« Abraham », entre la terre et le ciel

« On m’appelle Abraham », c’est par ces mots que se présente le curé de haute taille et fort en couleur qui reçoit dans son jardin Pierre de Bénouville, alors que ce dernier, haut responsable des Mouvements Unis de la Résistance (MUR), vient de traverser le Foron en cette soirée d’automne 1941. Abraham, curieux pseudonyme que s’est donné ce curé de campagne, agent du Service de renseignement de l’armée suisse (SR).

Comment Gaston Desclouds, ce gamin des Pâquis où sa mère était concierge, est-il devenu agent de liaison frontalier et contact d’agents secrets ? Ordonné prêtre à 29 ans, il officie dans une paroisse urbaine avant d’être nommé curé à Thônex. Il « se sauve de la solitude de son ministère par la contrebande ». La situation du jardin de la cure et du cimetière, accotés à la frontière lui facilite l’importation clandestine de beurre, de pipes de Saint-Claude et de graines de petits oignons qui intéressent la chimie bâloise. Il exporte aussi du tabac vers la France. Sa chienne Minka est dressée à débusquer les douaniers. Avec les bénéfices dégagés ce colosse truculent et généreux aide les nécessiteux, les malades de la clinique psychiatrique de Bel-Air et offre uniformes et camps de vacances aux éclaireurs de la troupe qu’il a créée.

Sa connaissance de la région et des gués du Foron incite le Service de renseignement suisse à le recruter. Agent de liaison bénévole, il collabore avec un poste récepteur du SR, passe des instructions aux résistants français et aux agents alliés, et rejoint les réseaux Gilbert du colonel Groussard. Selon un témoignage, il confectionne de faux papiers pour des résistants et de faux certificats de baptême pour des Juifs pourchassés, dissimulant tampons encreurs, cachets et matériel nécessaires dans la doublure de sa redingote noire.

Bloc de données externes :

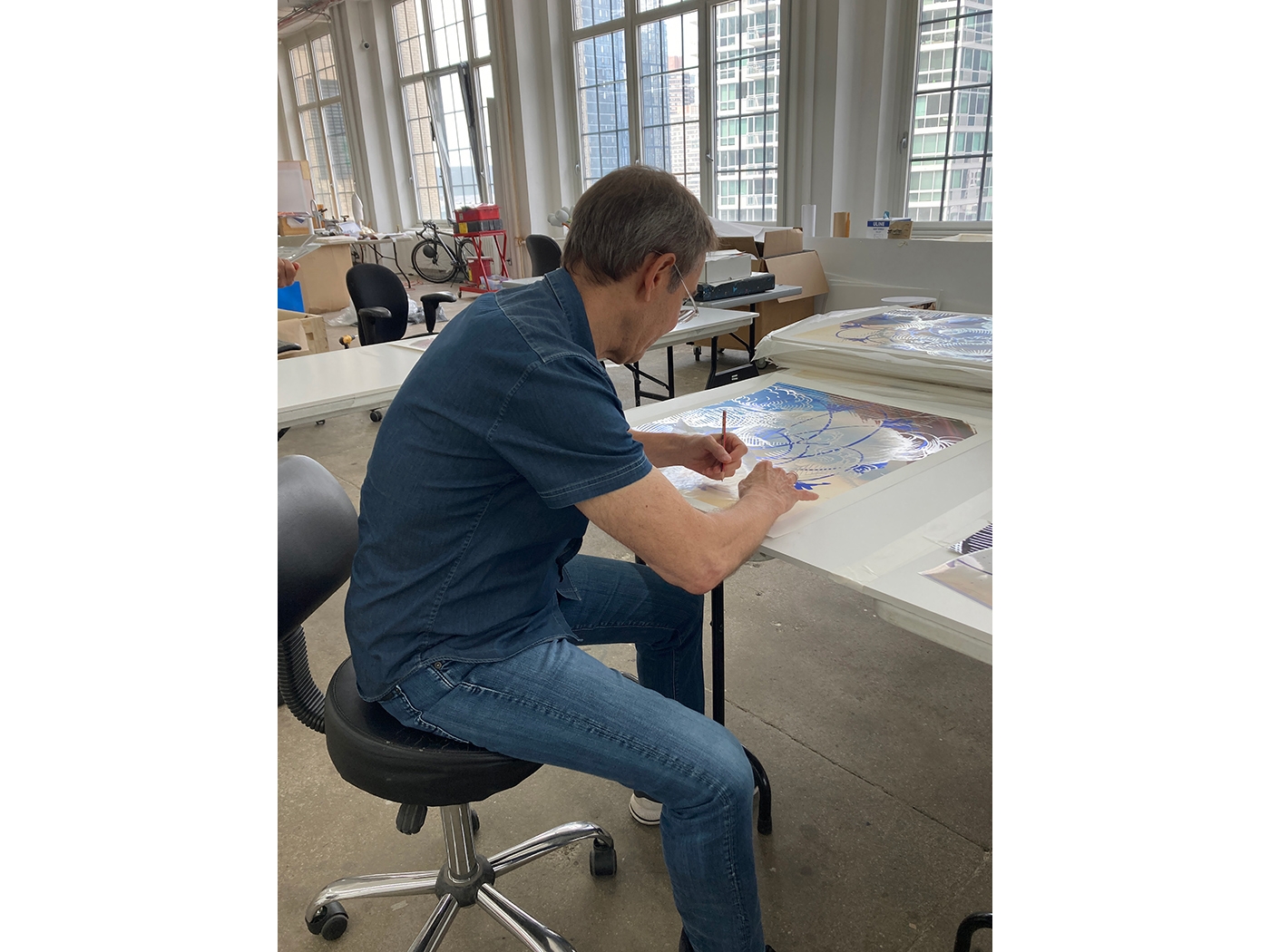 Jeff Koons signs 'Carracci Flower' (2021) in his studio, New York, 2021.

Louis Valencien, maire de Thônex, le nomme Responsable du Groupe autonome de défense pour la commune. Les obligations de défense passive sont une lourde charge pour les petites communes rurales, aussi, la mairie de Thônex demande à la troupe d’éclaireurs l’aide de quelques-uns de ses membres. L’un d’entre eux, Gilbert Ceffa, futur chroniqueur des années brunes à la frontière genevoise, deviendra un collaborateur actif du curé Desclouds.

C’est principalement par le cimetière de Thônex en bordure du Foron que le SR exfiltrerait ses agents.